Los días en la cárcel transcurrían angustiosamente, presentía que sería asesinada y desaparecida como muchos compas capturados en combate. De pronto se escuchaba murmuraciones entre los oficiales, le despertó curiosidad y enciende la radio para escuchar las noticias, la sorpresa es que la hija del presidente Duarte la había capturado la guerrita en un asalto frente a la universidad que ella frecuentaba.

 

La narración del acto de secuestro en tiempo record de 4 minutos incluyendo salir del lugar, así como neutralizar la seguridad de Inés Duarte.
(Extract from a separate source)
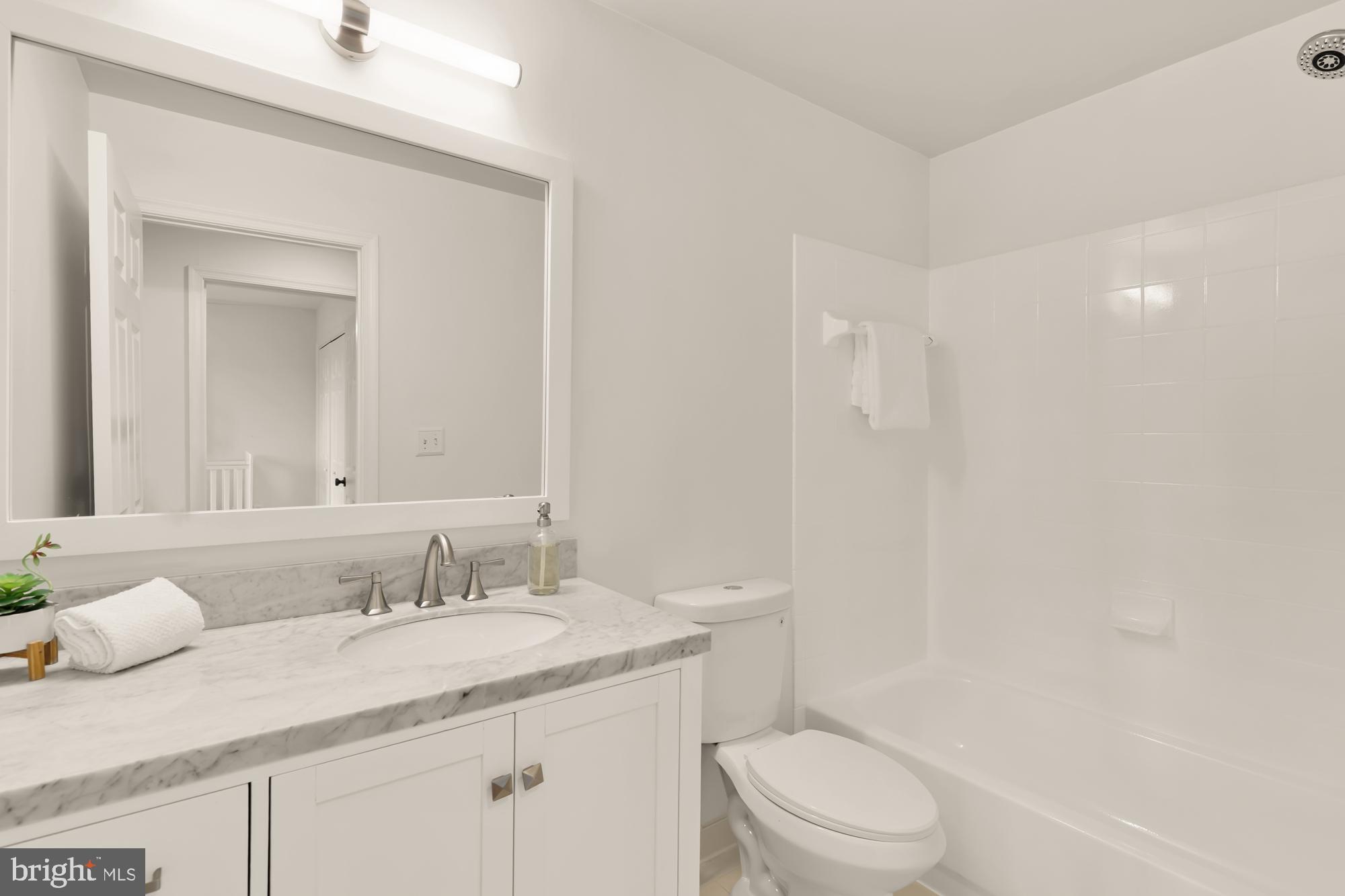 255 14th Street Southeast, Unit A Washington, DC 20003 - Photo 23 of 28 a bathroom with a granite countertop sink a toilet and a mirror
Este acto demuestra la efectividad de los comandos urbanos de la guerrilla. Otro acto similar fue la masacre perpetrada en la Zona Rosa, una zona exclusiva de San Salvador, en donde ametrallaron a unos asesores norteamericanos que estaban compartiendo en un restaurante.

 

Con el secuestro de Inés los oficiales comienzan a especular sobre la liberación de Nidia, algunos hasta le confirman que esta en la lista del canje anunciado por la guerrilla. Las negociaciones avanzan hasta llegar a acuerdos de canjear alcaldes secuestrados, oficiales y la hija de Duarte por un grupo de guerrilleros capturados y la salida de lisiados de guerra a curarse a cuba.

 

El día  esperado llega, se despide de los encarcelados otorgando algunos recuerdos entre ellos toallas, camisas, calcetines inclusive cigarros y dulces que recibía de las visitas. El momento ha cambiado, la victoria se siente, se vive entre aplausos y vivas se dirigen a Panamá para luego irse a cuba. Sus compañeros de lucha se emocionan de verla nuevamente, pero este momento ha sido posible gracias a la aferracion de sus ideales, el no haber renunciado a sus creencias ni a la revolución. Comenta ella:”si no hubiese sido fiel a mis principios y creencias, el momento que ahora vivo fuera de vergüenza y no de victoria”.    

 

“Mi vida es luchar por la libertad, sino lucho por ella, muero de pena”. Con esta frase terminaba sus cartas dirigidas a oficiales, compañeros, amigos y organizaciones defensoras de los derechos humanos.